Asset Multiplier Comments

  • The film exhibition sector has been one of the worst impacted sectors due to the pandemic. This has led to a majority of the films getting released on OTT platforms. The sector is expected to go back to its pre-pandemic levels on the back of new film releases and the reopening of theatres.
  • We expect revenue and cost synergies to be created out of this merger. We believe the merged entity would have improved bargaining powers in terms of rentals and advertising rates charged due to an increase in market share.
  • We expect the merged entity to ramp up screen openings over the next few years and take advantage of the underpenetrated film exhibition market in India.

Consensus Estimate: (Source: market screener website)

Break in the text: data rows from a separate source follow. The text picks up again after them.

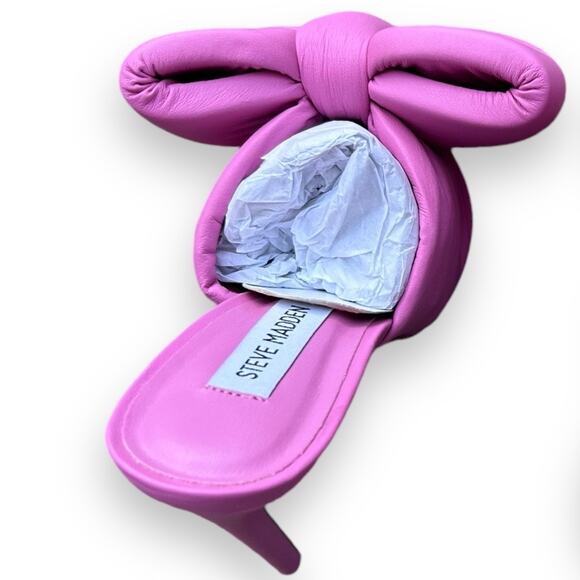 Steve Madden Pink Indulge Heels NEW IN BOX 7.5 - Picture 5 of 6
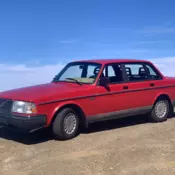 LOW MILES CLASSIC 240!  Power Package, Well Preserved, Everything Works!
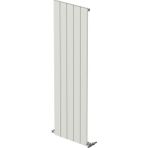 Aeon Hestia 1500x445 Beyaz Alüminyum Tasarım Dikey Radyatör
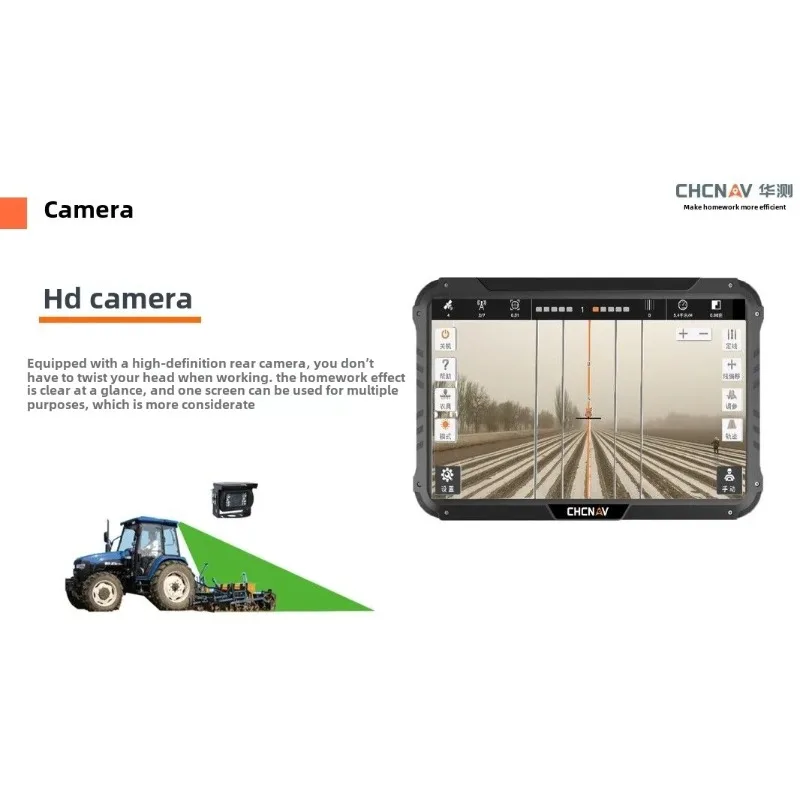 CTI 네비게이션 CHCNAV NX510 자율주행 안드로이드 OLED 바 탑재 베이더우 트랙터 이식기 (게으른 사람들을 위한 플라스틱 재질)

  • The closing price of INOX was ₹ 525/- as of 28-March-2022. It traded at 40x/ 29x the consensus earnings estimate of ₹ 13/ 18/- per share for FY23E/FY24E respectively. The consensus target price of ₹ 500/- implies a P/E Multiple of 28x on the FY24E EPS estimate of ₹ 18/-
  • The closing price of PVR was ₹ 1,883/- as of 28-March-2022. It traded at 54x/ 30x the consensus earnings estimate of ₹ 35/ 63/- per share for FY23E/FY24E respectively. The consensus target price of ₹ 1,886/- implies a P/E Multiple of 30x on the FY24E EPS estimate of ₹ 63/-

Disclaimer: “The views expressed are for information purposes only. The information provided herein should not be considered as investment advice or research recommendation. The users should rely on their own research and analysis and should consult their own investment advisors to determine the merit, risks, and suitability of the information provided.”